So much time had passed between recording sessions that Plant admits he was apprehensive that if the team didn’t find the right material quickly, they wouldn’t recapture their special alchemy.

The new album has Plant and Krauss singing deep cuts by Merle Haggard, Allen Toussaint, The Everly Brothers, Anne Briggs, Geeshie Wiley, Ola Belle Reed and Bert Jansch. There’s also a Plant-Burnett original, “High and Lonesome.”

“A great song has many lifetimes,” said Plant, and Krauss agreed.

“You want them to have a life of their own, and you have to have a very loose grip on those ideas so that they do become their own,” she said.

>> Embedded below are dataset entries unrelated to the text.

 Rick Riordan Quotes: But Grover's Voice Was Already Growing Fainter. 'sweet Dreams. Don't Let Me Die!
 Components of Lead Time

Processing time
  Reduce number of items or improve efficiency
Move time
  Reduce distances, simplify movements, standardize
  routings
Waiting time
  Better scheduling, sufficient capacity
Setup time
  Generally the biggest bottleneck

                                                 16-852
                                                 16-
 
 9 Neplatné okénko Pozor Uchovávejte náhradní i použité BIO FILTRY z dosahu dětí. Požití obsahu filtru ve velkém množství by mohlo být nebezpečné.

The pairing of former Led Zeppelin singer Plant and bluegrass violinist and singer Krauss turned out to be popular with critics and fans the first time around.

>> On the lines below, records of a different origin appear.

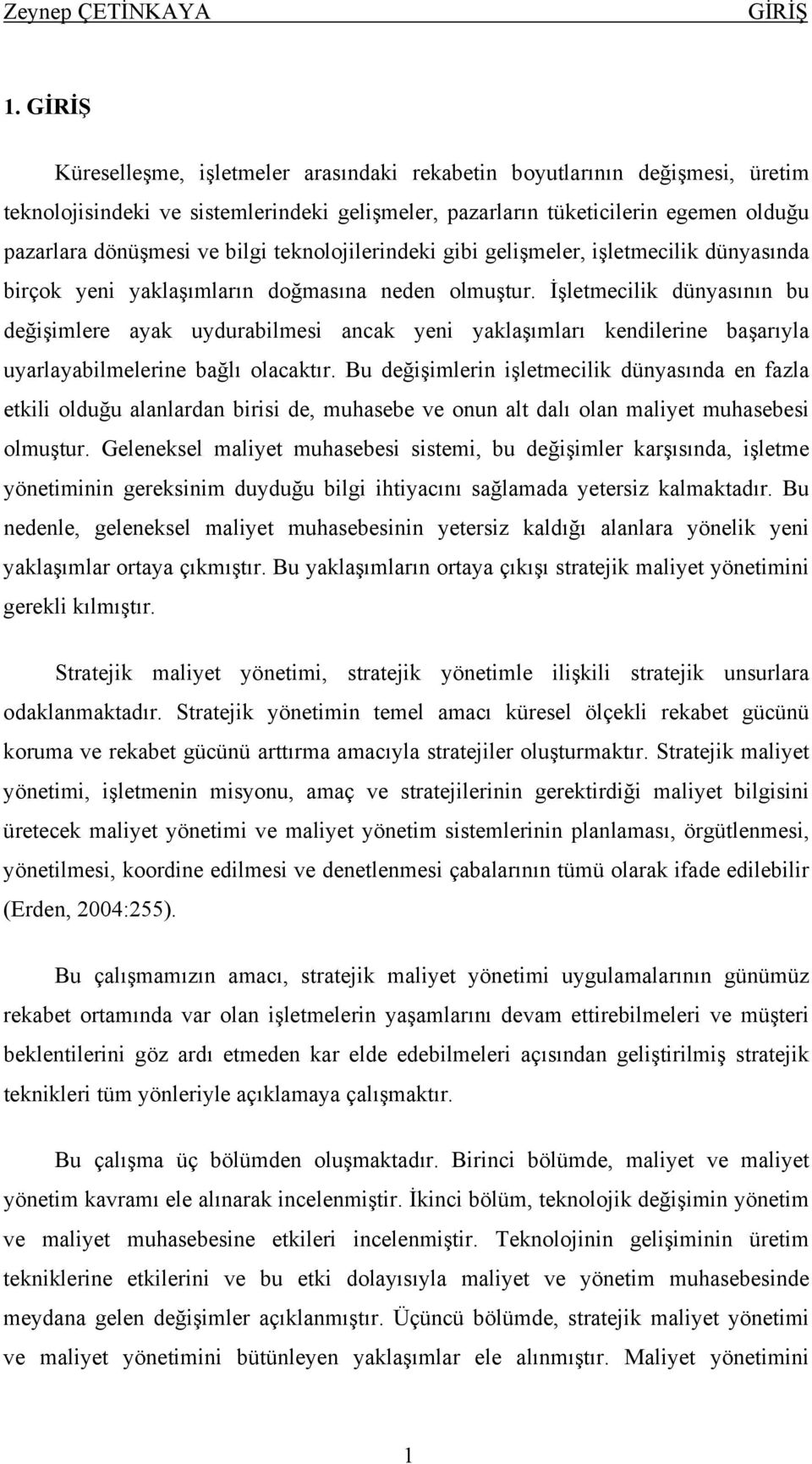 teknolojilerindeki gibi gelişmeler, işletmecilik dünyasında birçok yeni yaklaşımların doğmasına neden olmuştur.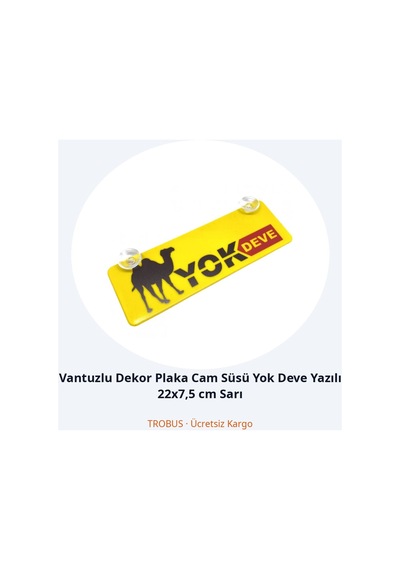 Trobus Vantuzlu Dekor Plaka Cam Süsü Yok Deve Yazılı 22x7,5 Cm Sarı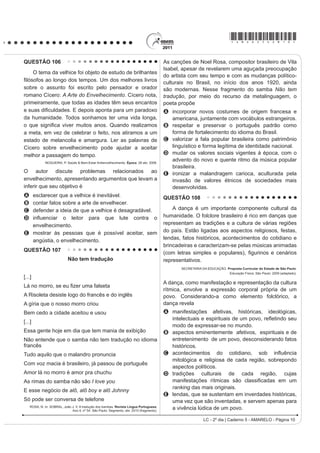 GHMD HQ HO SDtV XQ SURPHGLR GH   GyODUHV
E apresentar os defeitos mais comuns de softwares
    em aparelhos médicos.                                                                (unos 1 538 euros).

QUESTÃO 92                                                                                   Carlos Canales, presidente de DQDWXU VHxDOy TXH
                                                                                         la ciudadela tiene capacidad para recibir más visitantes
                     %LHQYHQidR D %UDVtOLD
                                                                                         que en la actualidad (un máximo de 3 000) con un sistema
    El Gobierno de Brasil, por medio del Ministerio de la                                SODQL¿FDGR GH KRUDULRV  UXWDV SHUR QR TXLVR DYDQ]DU
XOWXUD  GHO ,QVWLWXWR GHO 3DWULPRQLR +LVWyULFR  $UWtVWLFR                             una cifra. Sin embargo, la Unesco ha advertido en varias
Nacional (IPHAN), da la bienvenida a los participantes
                                                                                         ocasiones que el monumento se encuentra cercano al
GH OD  6HVLyQ GHO RPLWp GHO 3DWULPRQLR 0XQGLDO
HQFXHQWUR UHDOL]DGR SRU OD 2UJDQL]DFLyQ GH ODV 1DFLRQHV                                  SXQWR GH VDWXUDFLyQ  HO *RELHUQR QR GHEH HPSUHQGHU
8QLGDV SDUD OD (GXFDFLyQ OD LHQFLD  OD XOWXUD                                        QLQJXQD SROtWLFD GH FDSWDFLyQ GH QXHYRV YLVLWDQWHV DOJR
(UNESCO).                                                                                con lo que coincide el viceministro Roca Rey.
    5HVSDOGDGR SRU OD RQYHQFLyQ GHO 3DWULPRQLR                                                            Disponível em: http://www.elpais.com. Acesso em: 21 jun. 2011.

0XQGLDO GH  HO RPLWp UH~QH HQ VX  VHVLyQ PiV
de 180 delegaciones nacionales para deliberar sobre las                                  A reportagem do jornal espanhol mostra a preocupação
QXHYDV FDQGLGDWXUDV  HO HVWDGR GH FRQVHUYDFLyQ  GH                                     diante de um problema no Peru, que pode ser resumido
riesgo de los bienes ya declarados Patrimonio Mundial,                                   SHOR YRFiEXOR ³GHVPDFKXSL]DU´ UHIHULQGRVH
con base en los análisis del Consejo Internacional de
                                                                                         A   à escassez de turistas no país.
Monumentos y Sitios (Icomos), del Centro Internacional
SDUD HO (VWXGLR GH OD 3UHVHUYDFLyQ  OD 5HVWDXUDFLyQ GHO                                 B   ao difícil acesso ao lago Titicaca.
3DWULPRQLR XOWXUDO ,520 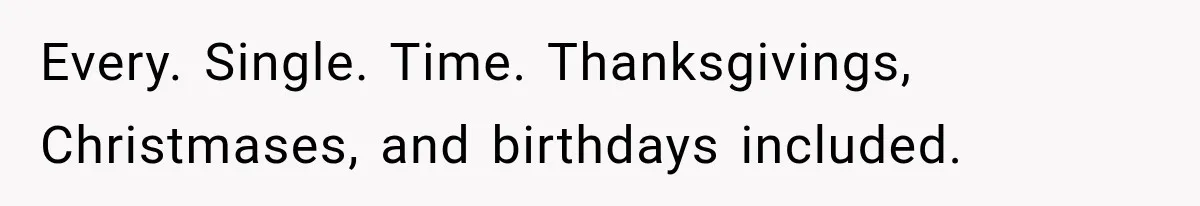 Every. Single. Time. Thanksgivings, Christmases, and birthdays included.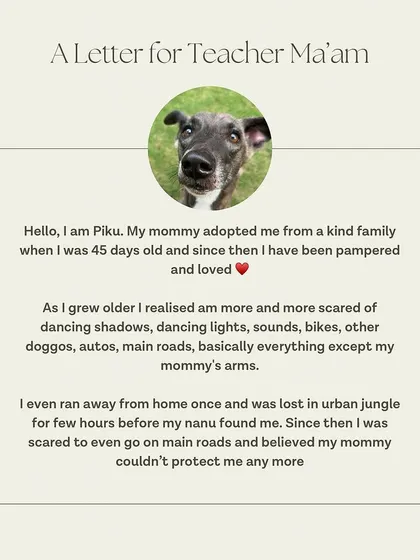 A letter from Piku's perspective, explaining her fears and how "Teacher Ma'am" helped her build confidence.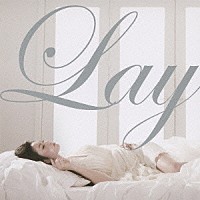 Ｌａｙ「 この愛であるように」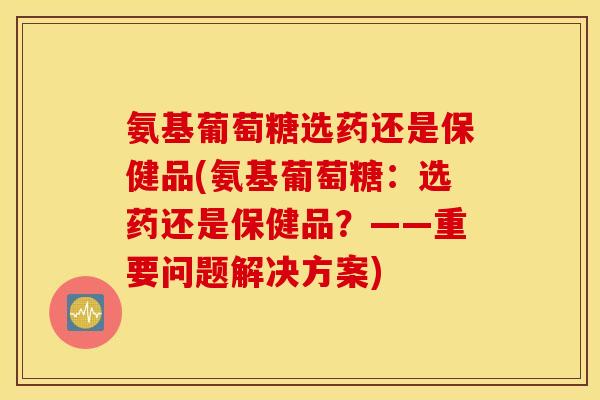 氨基葡萄糖选药还是保健品(氨基葡萄糖：选药还是保健品？——重要问题解决方案)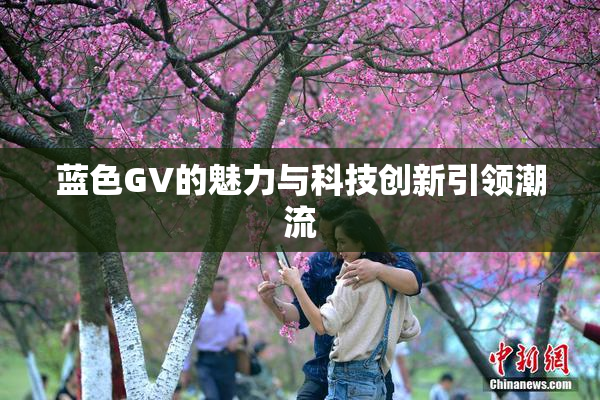 蓝色GV的魅力与科技创新引领潮流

“Raising Sand” debuted at number 2 on the Billboard 200, generated platinum sales and earned six Grammy Awards in 2009, upsetting rapper Lil Wayne and British rock band Coldplay for top honors.

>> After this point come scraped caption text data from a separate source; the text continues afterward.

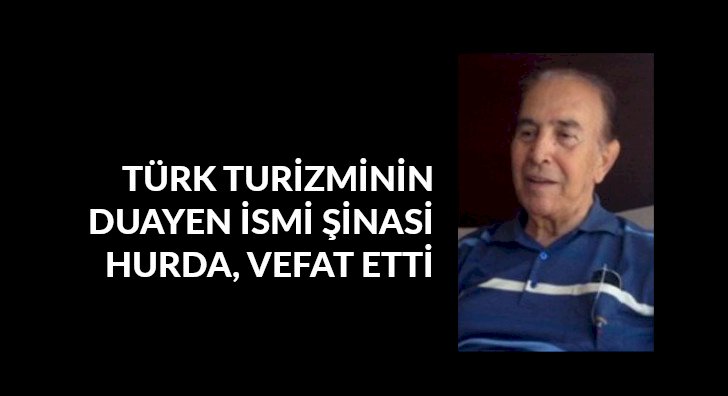 Türk turizminin bilinen isimlerinden Şinasi Hurda, hayata gözlerini yumdu.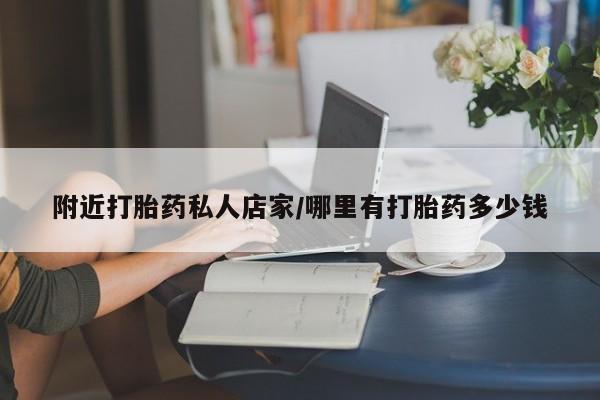 哪里可以私下卖到打胎药附近打胎药私人店家/哪里有打胎药多少钱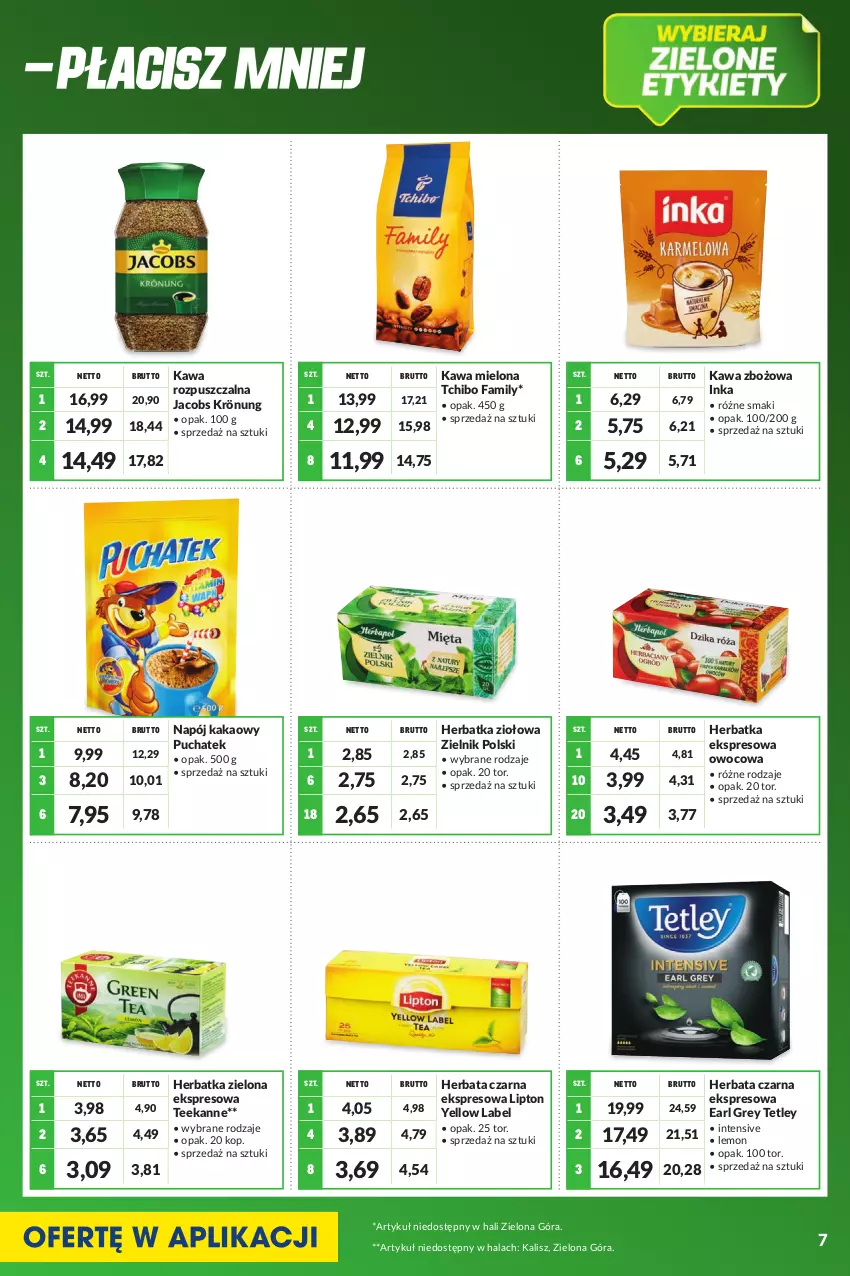 Gazetka promocyjna Makro - [Oferta specjalna] Kupuj więcej płać mniej - ważna 01.06 do 30.06.2022 - strona 7 - produkty: Earl Grey, Fa, Herbata, Herbata czarna, Inka, Jacobs, Jacobs Krönung, Kakao, Kawa, Kawa mielona, Kawa rozpuszczalna, Kawa zbożowa, Lipton, Napój, Tchibo, Tchibo Family, Teekanne, Tetley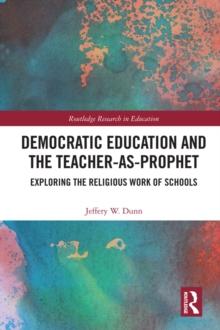 Democratic Education and the Teacher-As-Prophet : Exploring the Religious Work of Schools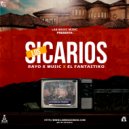 Rayo x Music & El Fantastiko - Los Sicarios (feat. El Fantastiko)
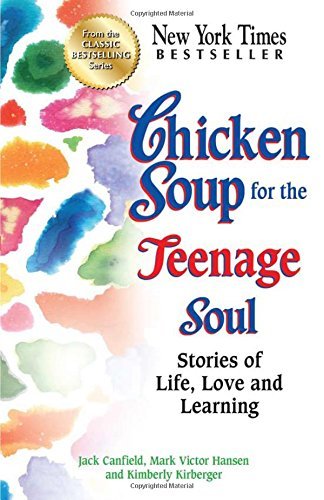 Jack Canfield/Chicken Soup for the Teenage Soul@Stories of Life, Love and Learning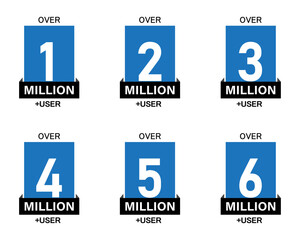 1, 2, 3, 4, 5 and 6 million users sticker stamp set in blue. Over 1 million users labels. Vector Designs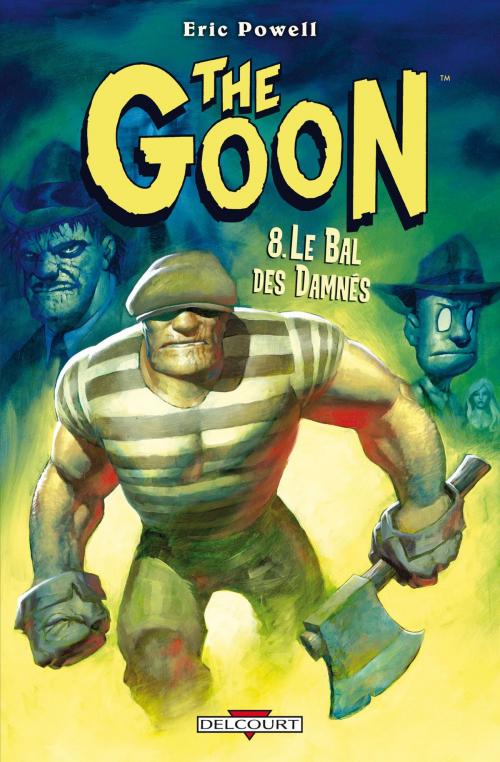Cover of the book The Goon T08 by Eric Powell, Delcourt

“The main surprise was, ‘Wow, these guys actually can operate together?’ It was against the odds,” said Plant. “It’s a sharing of something, a sharing of songs that people didn’t know anything about. It’s one of my big trips in life.”

It was “Quattro (World Drifts In),” a song by the Americana band Calexico, that finally sparked the new recording sessions into life. That song “sort of drew us into another way of actually working, looking at voices together, a different kind of attitude to it,” Plant said. “So long as we got the right key, we’re doing great.”

As they worked on the songs, Burnett — who Plant laughingly calls “the Archbishop of Cool” — insisted that they keep the sparks of the first takes and not go back to clean them up, which was especially hard for Krauss, who’s a bit of a perfectionist.

“The less precision is quite often the better, because it’s soulful stuff,” said Plant.

One highlight is a revisiting of Betty Harris’ soulful, up-tempo “Trouble With My Lover” written by Toussaint. Plant urged Krauss to sing it, and in her hands, it becomes moody, melancholy and sensual. But it took some convincing.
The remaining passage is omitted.